EXERCISE DIRECTIONS:
Copy the listing below in full and skip every picture.

═════ EXERCISE DATA ═════

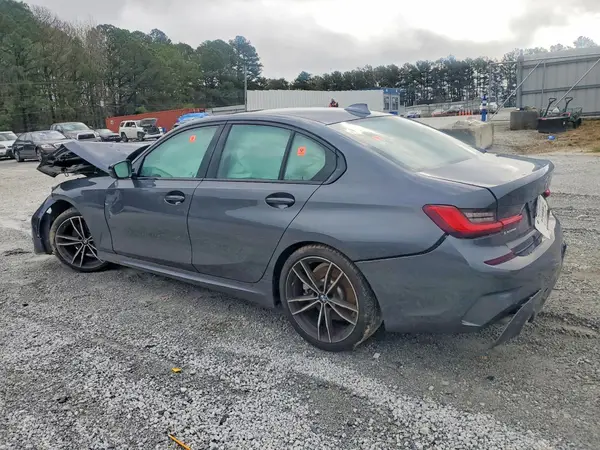 3MW5R1J02M8C01228 2021 BMW 3ER - Image 2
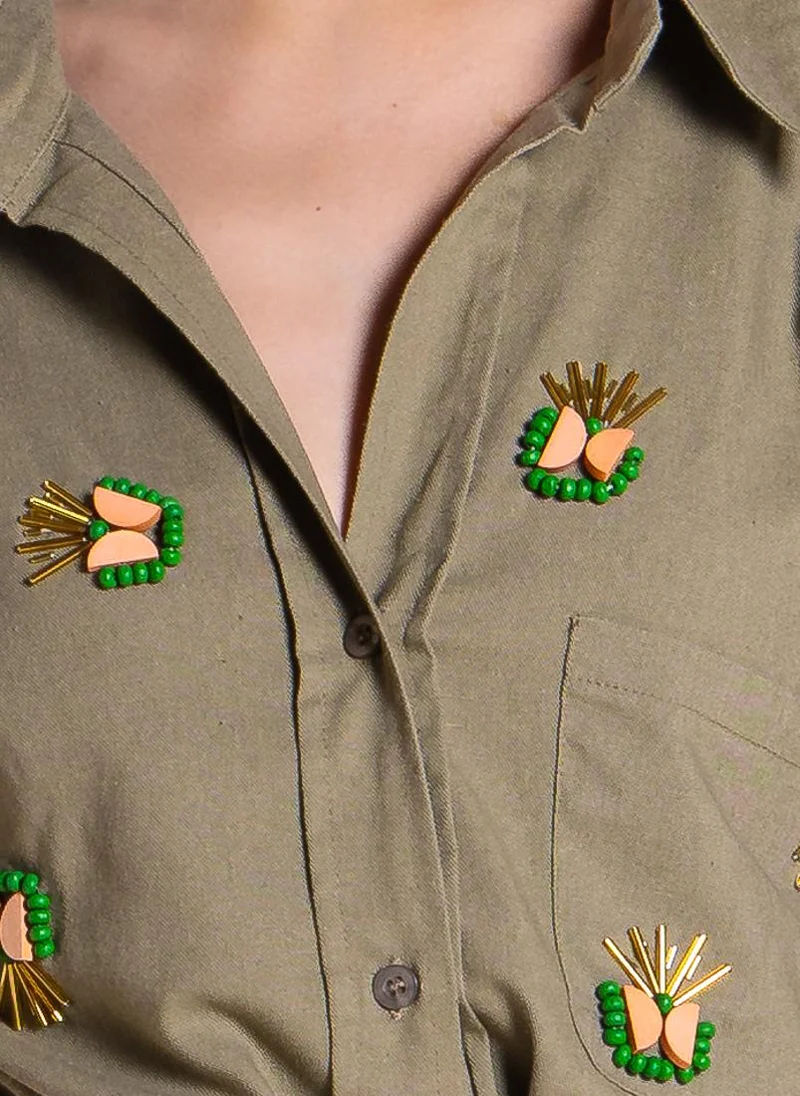 SHAPES DETAILED EMBROIDERED COMFORT SHIRT
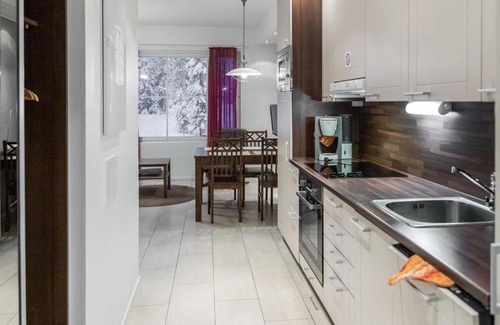 Akaslompolo House | Holiday Home Yllästar 3 as 505 by Interhome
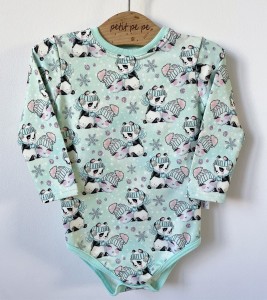 Body z dresówki - zimowa panda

═════

EXERCISE ANSWER:
 3MW5R1J02M8C01228 2021 BMW 3ER - Image 2
 SHAPES DETAILED EMBROIDERED COMFORT SHIRT
 Akaslompolo House | Holiday Home Yllästar 3 as 505 by Interhome
 Body z dresówki - zimowa panda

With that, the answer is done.